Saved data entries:
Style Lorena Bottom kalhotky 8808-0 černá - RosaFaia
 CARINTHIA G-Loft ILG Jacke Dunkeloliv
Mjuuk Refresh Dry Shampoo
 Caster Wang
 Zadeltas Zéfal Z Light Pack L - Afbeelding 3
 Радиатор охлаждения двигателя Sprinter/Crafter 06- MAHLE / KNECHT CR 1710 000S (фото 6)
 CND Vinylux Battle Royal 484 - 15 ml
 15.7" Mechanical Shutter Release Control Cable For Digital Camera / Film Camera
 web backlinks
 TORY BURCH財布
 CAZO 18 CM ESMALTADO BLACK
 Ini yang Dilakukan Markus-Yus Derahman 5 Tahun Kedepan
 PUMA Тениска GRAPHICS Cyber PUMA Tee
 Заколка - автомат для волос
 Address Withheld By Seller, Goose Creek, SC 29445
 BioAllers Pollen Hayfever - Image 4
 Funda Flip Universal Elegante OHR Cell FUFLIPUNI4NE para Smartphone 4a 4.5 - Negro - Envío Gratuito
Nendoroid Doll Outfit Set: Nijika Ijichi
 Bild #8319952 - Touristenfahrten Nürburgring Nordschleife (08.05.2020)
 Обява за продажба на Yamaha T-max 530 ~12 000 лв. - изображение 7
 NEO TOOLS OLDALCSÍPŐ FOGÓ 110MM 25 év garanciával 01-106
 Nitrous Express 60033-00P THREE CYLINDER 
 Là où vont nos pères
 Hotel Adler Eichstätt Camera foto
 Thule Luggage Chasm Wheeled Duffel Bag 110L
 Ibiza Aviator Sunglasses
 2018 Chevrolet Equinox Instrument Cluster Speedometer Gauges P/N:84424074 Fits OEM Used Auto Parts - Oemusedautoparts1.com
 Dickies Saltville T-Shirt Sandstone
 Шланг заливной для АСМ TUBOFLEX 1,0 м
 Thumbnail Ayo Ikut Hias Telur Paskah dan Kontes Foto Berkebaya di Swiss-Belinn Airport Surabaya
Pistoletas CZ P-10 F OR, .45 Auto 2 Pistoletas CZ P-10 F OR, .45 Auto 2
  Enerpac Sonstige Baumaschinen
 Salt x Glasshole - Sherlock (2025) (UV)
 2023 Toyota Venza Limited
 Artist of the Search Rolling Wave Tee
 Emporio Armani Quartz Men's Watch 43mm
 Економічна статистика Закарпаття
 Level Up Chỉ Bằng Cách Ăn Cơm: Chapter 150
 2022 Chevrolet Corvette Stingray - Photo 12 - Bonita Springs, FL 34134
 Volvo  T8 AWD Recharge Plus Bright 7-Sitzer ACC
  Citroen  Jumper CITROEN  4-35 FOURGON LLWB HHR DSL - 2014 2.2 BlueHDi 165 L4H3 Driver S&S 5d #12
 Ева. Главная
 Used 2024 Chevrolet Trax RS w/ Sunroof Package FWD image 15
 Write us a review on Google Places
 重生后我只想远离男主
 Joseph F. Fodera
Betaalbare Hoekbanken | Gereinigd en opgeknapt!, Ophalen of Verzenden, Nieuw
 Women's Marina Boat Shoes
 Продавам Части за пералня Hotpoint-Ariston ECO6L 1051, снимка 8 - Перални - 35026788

TASK BRIEF: All of the data above needs to be given again exactly.

ANSWER SECTION:
Style Lorena Bottom kalhotky 8808-0 černá - RosaFaia
 CARINTHIA G-Loft ILG Jacke Dunkeloliv
Mjuuk Refresh Dry Shampoo
 Caster Wang
 Zadeltas Zéfal Z Light Pack L - Afbeelding 3
 Радиатор охлаждения двигателя Sprinter/Crafter 06- MAHLE / KNECHT CR 1710 000S (фото 6)
 CND Vinylux Battle Royal 484 - 15 ml
 15.7" Mechanical Shutter Release Control Cable For Digital Camera / Film Camera
 web backlinks
 TORY BURCH財布
 CAZO 18 CM ESMALTADO BLACK
 Ini yang Dilakukan Markus-Yus Derahman 5 Tahun Kedepan
 PUMA Тениска GRAPHICS Cyber PUMA Tee
 Заколка - автомат для волос
 Address Withheld By Seller, Goose Creek, SC 29445
 BioAllers Pollen Hayfever - Image 4
 Funda Flip Universal Elegante OHR Cell FUFLIPUNI4NE para Smartphone 4a 4.5 - Negro - Envío Gratuito
Nendoroid Doll Outfit Set: Nijika Ijichi
 Bild #8319952 - Touristenfahrten Nürburgring Nordschleife (08.05.2020)
 Обява за продажба на Yamaha T-max 530 ~12 000 лв. - изображение 7
 NEO TOOLS OLDALCSÍPŐ FOGÓ 110MM 25 év garanciával 01-106
 Nitrous Express 60033-00P THREE CYLINDER 
 Là où vont nos pères
 Hotel Adler Eichstätt Camera foto
 Thule Luggage Chasm Wheeled Duffel Bag 110L
 Ibiza Aviator Sunglasses
 2018 Chevrolet Equinox Instrument Cluster Speedometer Gauges P/N:84424074 Fits OEM Used Auto Parts - Oemusedautoparts1.com
 Dickies Saltville T-Shirt Sandstone
 Шланг заливной для АСМ TUBOFLEX 1,0 м
 Thumbnail Ayo Ikut Hias Telur Paskah dan Kontes Foto Berkebaya di Swiss-Belinn Airport Surabaya
Pistoletas CZ P-10 F OR, .45 Auto 2 Pistoletas CZ P-10 F OR, .45 Auto 2
  Enerpac Sonstige Baumaschinen
 Salt x Glasshole - Sherlock (2025) (UV)
 2023 Toyota Venza Limited
 Artist of the Search Rolling Wave Tee
 Emporio Armani Quartz Men's Watch 43mm
 Економічна статистика Закарпаття
 Level Up Chỉ Bằng Cách Ăn Cơm: Chapter 150
 2022 Chevrolet Corvette Stingray - Photo 12 - Bonita Springs, FL 34134
 Volvo  T8 AWD Recharge Plus Bright 7-Sitzer ACC
  Citroen  Jumper CITROEN  4-35 FOURGON LLWB HHR DSL - 2014 2.2 BlueHDi 165 L4H3 Driver S&S 5d #12
 Ева. Главная
 Used 2024 Chevrolet Trax RS w/ Sunroof Package FWD image 15
 Write us a review on Google Places
 重生后我只想远离男主
 Joseph F. Fodera
Betaalbare Hoekbanken | Gereinigd en opgeknapt!, Ophalen of Verzenden, Nieuw
 Women's Marina Boat Shoes
 Продавам Части за пералня Hotpoint-Ariston ECO6L 1051, снимка 8 - Перални - 35026788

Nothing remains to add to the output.